- [Material for this task]
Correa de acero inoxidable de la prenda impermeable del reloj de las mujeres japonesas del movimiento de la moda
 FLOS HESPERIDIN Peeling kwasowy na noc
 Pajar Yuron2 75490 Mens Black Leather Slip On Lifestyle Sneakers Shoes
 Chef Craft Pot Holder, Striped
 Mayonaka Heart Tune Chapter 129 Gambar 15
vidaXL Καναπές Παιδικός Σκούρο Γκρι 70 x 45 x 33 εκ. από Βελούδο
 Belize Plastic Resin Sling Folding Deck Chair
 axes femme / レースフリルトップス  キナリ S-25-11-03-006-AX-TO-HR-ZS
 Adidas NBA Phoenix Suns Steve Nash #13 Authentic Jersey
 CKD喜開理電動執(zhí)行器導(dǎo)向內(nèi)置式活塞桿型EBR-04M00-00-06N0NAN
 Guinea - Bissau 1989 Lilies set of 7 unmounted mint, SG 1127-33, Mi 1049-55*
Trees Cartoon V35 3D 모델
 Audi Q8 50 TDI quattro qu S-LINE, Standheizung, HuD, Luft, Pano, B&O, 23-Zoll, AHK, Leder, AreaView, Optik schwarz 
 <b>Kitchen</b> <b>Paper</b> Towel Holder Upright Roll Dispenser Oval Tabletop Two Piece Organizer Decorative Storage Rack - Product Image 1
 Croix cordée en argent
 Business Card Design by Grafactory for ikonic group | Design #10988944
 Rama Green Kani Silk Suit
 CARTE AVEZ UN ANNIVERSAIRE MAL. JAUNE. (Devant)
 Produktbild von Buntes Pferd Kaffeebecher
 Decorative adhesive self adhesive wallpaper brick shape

- [Exercise] Could you write out, exactly as they stand, only the lines above that begin at the line with "Trees Cartoon V35 3D 모델" and stop after the line with "Rama Green Kani Silk Suit"?

- [Written response]
Trees Cartoon V35 3D 모델
 Audi Q8 50 TDI quattro qu S-LINE, Standheizung, HuD, Luft, Pano, B&O, 23-Zoll, AHK, Leder, AreaView, Optik schwarz 
 <b>Kitchen</b> <b>Paper</b> Towel Holder Upright Roll Dispenser Oval Tabletop Two Piece Organizer Decorative Storage Rack - Product Image 1
 Croix cordée en argent
 Business Card Design by Grafactory for ikonic group | Design #10988944
 Rama Green Kani Silk Suit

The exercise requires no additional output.